Post jobs > schedule an appointment with a Business Service Representative> file your "PERM" related job orders > learn about Mass BizWorks > find candidates - total candidates 24,761
Explore Workforce Resources on MassHire GNBWB Website!


The MassHire Greater New Bedford Workforce Board is a business-led, policy-setting board that oversees workforce development initiatives in the ten-community region stretching from Dartmouth to Wareham, MA. Appointed by New Bedford Mayor Jon Mitchell, the Board is composed of business, civic, education, labor, and community leaders.

The workforce board oversees workforce development efforts in Acushnet, Dartmouth, Fairhaven, Freetown, Lakeville, Marion, Mattapoisett, New Bedford, Rochester, and Wareham. The board oversees the MassHire Greater New Bedford Career Center operated jointly by The WorkPlace and the MassHire Division of Career Services (MDCS).

The Greater New Bedford Workforce Investment Board is one of 16 similar Boards in Massachusetts. Workforce Investment Boards direct federal, state, and private funding for educational and occupational skills programs.

In addition to responsibilities mandated under the federal Workforce Innovation and Opportunity Act of 2014 (WIOA), Boards have been called upon to play a major role in a variety of workforce initiatives, and to define the board’s goals based on local community needs.

The MassHire Greater New Bedford Career Center serves as a hub of activity focused on connecting job seekers and employers, to meet the employment and career advancement needs of individuals and the workforce needs of businesses. The Career Center is dedicated to providing high quality services in a professional and welcoming environment, including counseling, education, technology to support job search, labor market information and recruitment opportunities for businesses.

  • Secured $5,014,400 in Workforce Board grants
  • Facilitated $4,430,200 in Partners grants with an additional $1,350,000 grants still in process
  • Spearheaded initiatives in Manufacturing, Youth Programs, WIOA Planning, Apprenticeship and collaboration in our Regional Labor Market Blueprint 
  • 4308 job seekers and 491 employers served through our Career Center
  • 796 job seekers entered employment with an estimated return to the community of between $10.4M and $24.4M in annual wages
  • Pre-COVID 90 individuals completed manufacturing training in regional Workforce Board sponsored programs. Post-COVID Executive Office of Housing and Economic Development pre-approved $125K in manufacturing grant funds were repurposed for safety training, apprenticeship liaisons, and 2 virtual welding machines with over 40 virtual training modules included
  • 78% completion rate for WIOA Out-of-School Youth programs with 4 vendors and 44 participants completing the program
  • Our Connecting Activities Program served 4,500 youth participants throughout 9 schools, with 3 additional schools signing on for 2021
  • Our YouthWorks Summer 2019 served 191 participants at 26 different employer worksites
  • Our SouthEast Cyber Security Program 2019 had an 83% completion rate with 24 student participants and 16+ employer sponsors
  • Initial planning and implementation strategies for a Youth Council coming in FY21


MassHire creates and sustains powerful connections between businesses and job seekers through a statewide network of employment professionals.

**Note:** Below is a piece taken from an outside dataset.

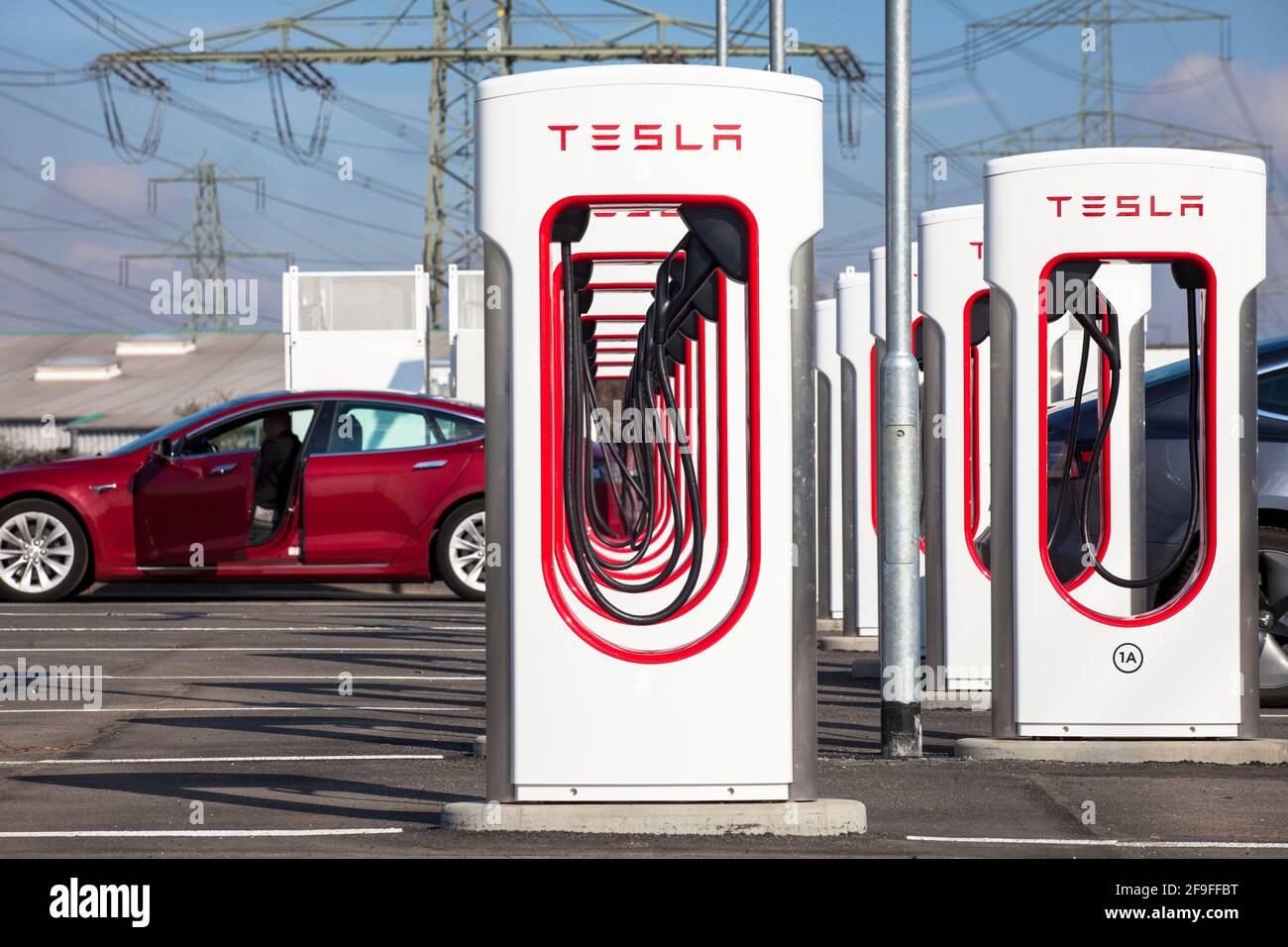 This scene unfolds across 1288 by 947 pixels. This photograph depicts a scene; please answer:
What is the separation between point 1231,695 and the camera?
7691mm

MassHire envisions a better future for people and businesses of Massachusetts through meaningful work and sustainable growth.

MassHire promises to champion prosperity, connecting employers with talent and job seekers with tools, services, and connections to achieve meaningful and sustained employment.
    MassHire believes in the power of partnership and streamlined integration of services to achieve effective and timely results for those we serve.
    MassHire is committed to understanding and valuing the diverse, unique requirements and professional goals of the businesses and people we serve.
    MassHire creates trust and reliability by consistently delivering high quality professional services at each location and in every interaction.
    MassHire leverages flexibility, expertise, and knowledge to successfully meet our mission, regardless of new challenges and circumstances.